Find your balance.
Debbie Chen was an active undergraduate student, participating in Campus Crusade for Christ, singing a cappella with Something Borrowed, Something Blue, and guiding first-year women as a Resident Advisor in Jarvis.
Through her involvement with the Army ROTC program, she gained valuable leadership skills and was commissioned a second lieutenant in the U.S. Army days before her graduation from Duke. Selected for the aviation branch, Chen follows in her family’s footsteps -- her grandfather flew with the legendary Flying Tigers, an American volunteer air corps that defended China against Japan.
Chen, who is training to fly Black Hawk helicopters, said there is more to life than her profession.
“It's important to have a sense of balance in life," she said. "It is awesome to know what you are called to do, be passionate about it and then pursue it. At the same time, what makes a person is not their profession or wealth; a person is physical, emotional and spiritual.

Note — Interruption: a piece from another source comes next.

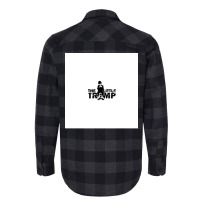 The Little Tramp.  Chiffon Green Stars Flannel Shirt | Artistshot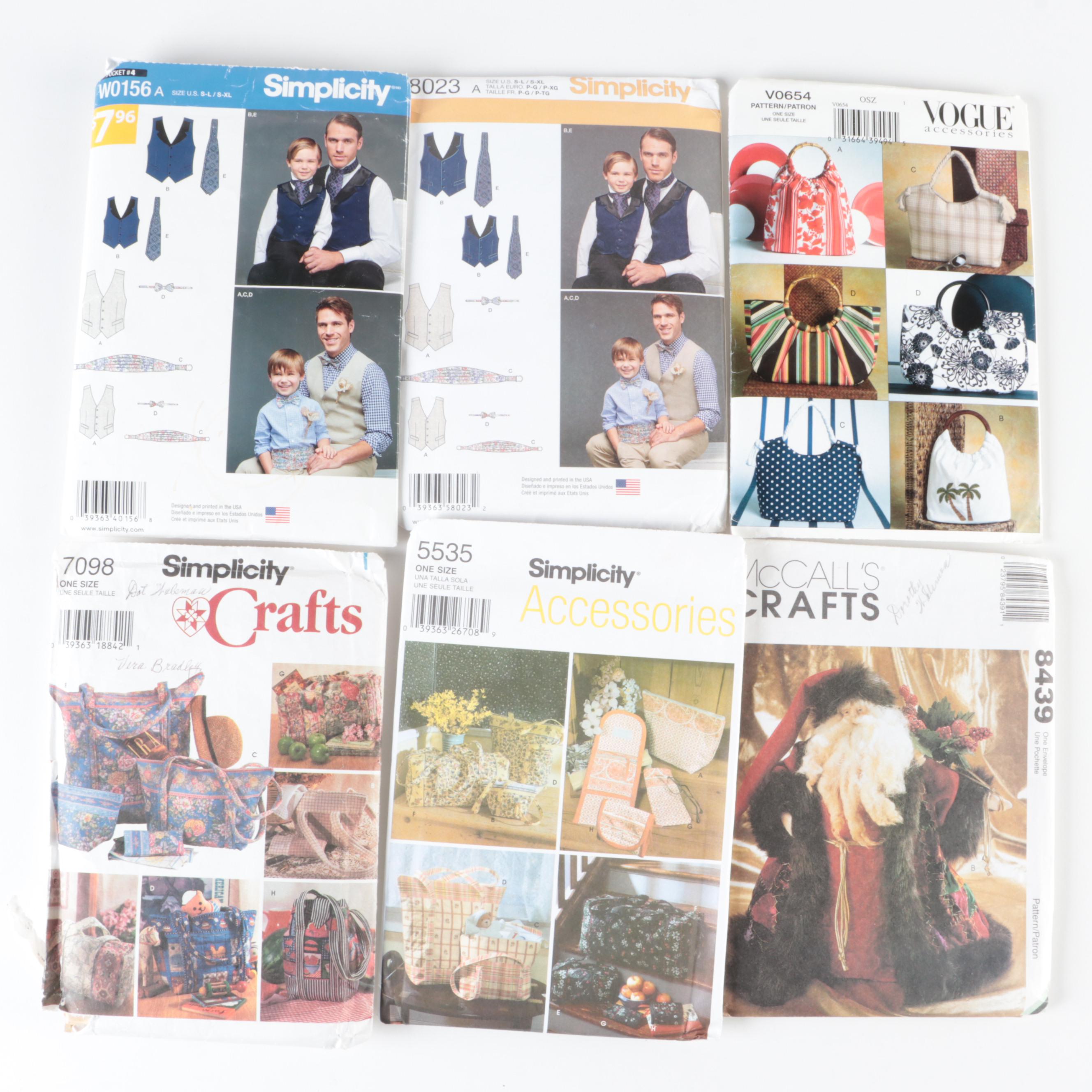 Simplicity, Vogue, McCalls Sewing Patterns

It's important to take time to develop and enjoy yourself in all three aspects.”
Her company commander, Captain Kristina Connelly, is an excellent role model for Chen and her peers.
“Through her life, example and words, she has modeled that sense of balance and is an outstanding officer," Chen said. "What makes her unique is that she understands us as individuals and encourages all of us to strive for excellence in our lives both within and outside of the Army.”
Chen advises first-year women at Duke to slow down and remember what makes you “you.” For her, that involved taking time for God and creating life-long friendships.
“Take advantage of the great opportunities Duke has to offer, pursue that dream profession and change your world, but if all you live on is a dream, then one day that dream will burn you out and disappoint you," she said.
As a first-year student, Chen said she was aware that she was young and naive and would need to seek out new experiences to help her see the world through a different perspective.
“I chose to not sit idly by and just hope I would magically become someone who makes a difference," she remembered. "People who change the world choose to grow, and then they encourage the world to grow with them.”